Enviada em 29/08/2020

O Brasil está em guerra. O país enfrenta um inimigo incerto num conflito interminável cuja as maiores vítimas são jovens negros e pobres brasileiros. Tal guerra é como o Brasil tem levado a sua política antidrogas, um conflito que destrói mais vidas do que os produtos que este visa proteger a sociedade de utilizar. Pensando neste contexto, urge-se que o país tome medidas mais efetivas em relação às drogas e que estas medidas não derramem mais sangue dos mais vulneráveis de nossa sociedade.

Atualmente, diversos países do mundo têm mudado sua política em relação às substâncias psicoativas e substituindo o modelo de “Guerra às Drogas”. As razões para a mudança de modelo são principalmente o alto custo financeiro e de vidas que este necessitava, além de sua ineficácia, já que independente dos imensos esforços das autoridades em coibir o tráfico, este sempre conseguia oferta e demandas estáveis. Neste contexto, optou-se por uma abordagem que trate do assunto como um problema de saúde pública e não criminal, utilizando todo o arcabouço da redução de danos associada com a descriminalização do porte e consumo de drogas.
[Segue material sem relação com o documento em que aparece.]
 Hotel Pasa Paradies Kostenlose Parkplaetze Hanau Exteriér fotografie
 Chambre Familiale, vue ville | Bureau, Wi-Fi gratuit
No Brasil a abordagem da política de drogas diverge do que está sendo feito ao redor do mundo, inclusive em grande parte da América do Sul, pois o governo brasileiro continua investindo numa política repressora e proibicionista de poucos resultados. Ainda que a diferenciação entre usuário e traficante tenha trazido avanços, ela gerou um encaceramento em massa de jovens pobres e negros devido ao seu não esclarecimento sobre o que realmente diferencia o usuário do traficante, ficando então à mercê do critério de policiais e juízes os quais, devido aos preconceitos estruturais da sociedade, muitas vezes tratam o traficante branco e rico como usuário e prendem o usuário preto e pobre como traficante.

Neste contexto, urge-se, portanto, que o Brasil substitua a sua política proibicionista e repressora para uma abordagem que descriminalize o consumo de substâncias psicoativas e invista em políticas de redução de danos, tratando assim o consumo abusivo de drogas como um problema de saúde pública e não policial. Deve então retomar o projeto dos CAPS AD, Centro de Atenção psicossocial Álcool e Drogas, nas cidades brasileiras por meio de investimentos do Ministério da Saúde em treinamento dos profissionais sobre redução de danos e intervenções multidisciplinares em relação aos dependentes de drogas. Além disso, é necessário que o Estado não só delimite a quantidade de drogas que separaria o traficante de um usuário da legislação, bem como descriminalize este último e anistie todos aqueles réus primários presos por quantidades insignificantes. Somente assim poderemos ser uma sociedade menos violenta e que trate seus problemas com responsabilidade.